By Chester Avey
The Covid-19 pandemic has caused seismic change for business. Not only have markets and industries had to find ways to adapt, but companies of all sizes have faced an unprecedented scenario. It can be easy to understand then, that cybersecurity may not have been a huge priority for businesses
However, it has now been well established that over the period of the pandemic there has been an enormous rise in cybercrime. Some studies suggest that between 2020 and 2021 there was a 50% increase in overall attacks on corporate networks, and a 40% increase in cyber attacks globally. Cleary, this is a major problem that businesses need to start taking very seriously.
But what has driven this rise in cybercrime? Certainly a part of the issue is simply the number of businesses that are taking their work online. This relates to both having to start an ecommerce site if they couldn’t sell physically, or put their work on servers and provide access to employees.
Another major element of the cybersecurity crisis is the fact that so many people are now working from home. It could be the case that the increased level of remote working is something of an unseen problem for businesses, as companies are yet to fully understand the dangers and what they can do about them.
Lack of office protection
Many in-office workers are used to doing their job with a degree of simplicity with regards to cybersecurity. The IT infrastructure within offices generally puts a great deal of focus around cybersecurity and keeping workers safe, including by enforcing good cybersecurity practices such as the closing down of machines and the use of strong passwords.
When these workers then come to do their job remotely, some are not really prepared or perhaps even aware that what they are doing could be detrimental to the overall cybersecurity of the company.
“With remote working the new norm, it’s easy to slip into bad habits,” says Juliette Hudson, Senior SOC Analyst at cybersecurity specialists Redscan “however, with cybersecurity risks being greater than ever and remote workers lacking office protections, it’s important to maintain a high standard of security awareness”.
Additionally, there are powerful protections offered by software such as the company firewall and other software.
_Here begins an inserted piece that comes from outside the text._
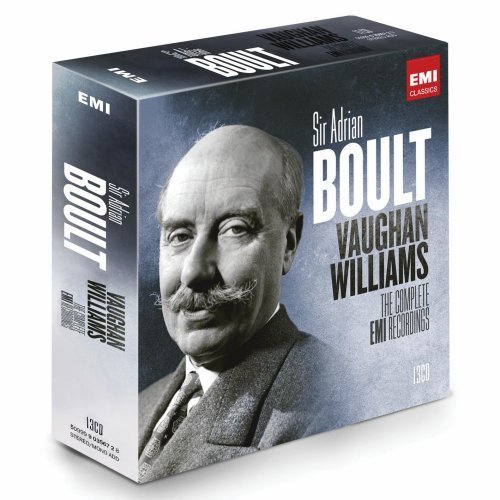 Cover for Adrian Boult · Vaughan Williams / Complete Emi Recordings-13 Cd Boxset (CD) [Limited edition] [Box set] (2013)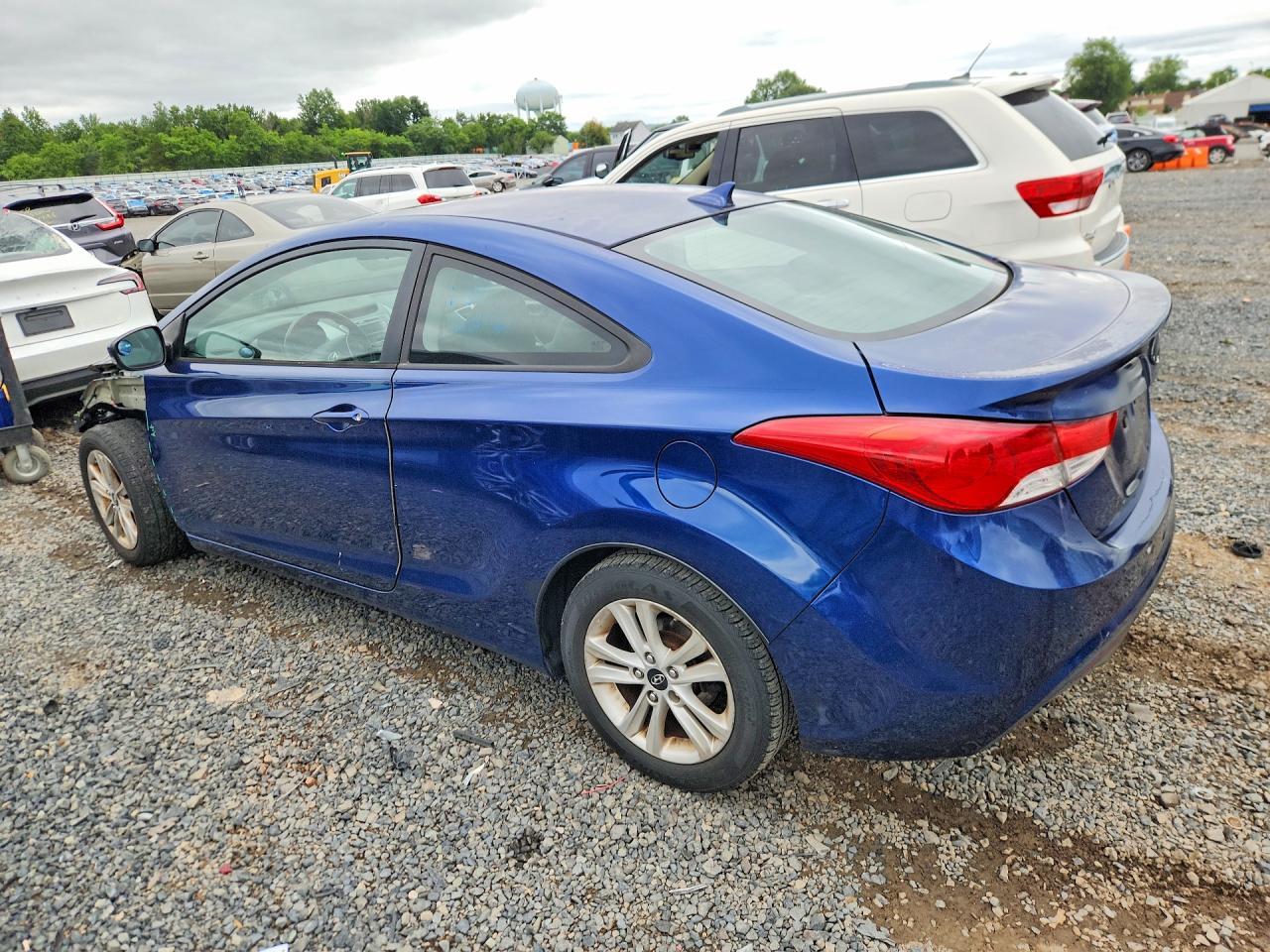 2013 Hyundai Elantra Coupe Se - zdjęcie 2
Opportunities for business email compromise
Business email compromise (BEC) is a form of attack where a cybercriminal takes control of the email account of a member of your organization. With this account, they make a request such as for an employee’s bank details to be changed, or for a payment to be paid to someone outside of the company.
These requests can easily be granted as they come from the genuine email address of the colleague. In this sense, they are more of a threat than a standard phishing attack.
Remote working makes BEC attacks more dangerous because staff become more used to the idea of communicating entirely through devices. So, if a member of staff asks a member of the accounts team to make a payment via email, they may well take it at face value. In that scenario in the office, it is more likely that the accounts team can easily check with the person face-to-face.
The dangers of shadow IT
Another challenge for companies with remote workers is the issue of shadow IT. Shadow IT refers to any kind of application, software or hardware that is used by a member of staff without the knowledge or sign-off from the IT team.
This is actually a very common issue for businesses; members of staff will find pieces of software or applications that provide them with advantages when working, and so they will simply install it and start using it.
In theory, that is a benefit as it could allow for a more productive working day – but on the downside, many applications have flaws and vulnerabilities. It is therefore typically a part of the remit of the IT to assess them to ensure that there is nothing that could put the company at risk.
With remote workers, the danger is actually much greater as they are more likely to make use of their own software and not run it by the IT team.
Remote working clearly has a broad range of benefits for companies and workers, but there can be no doubt that it has created challenges for cybersecurity too. It is really worth implementing strong procedures and policies, and providing staff with training to help minimize the risk of cybercrime for your company.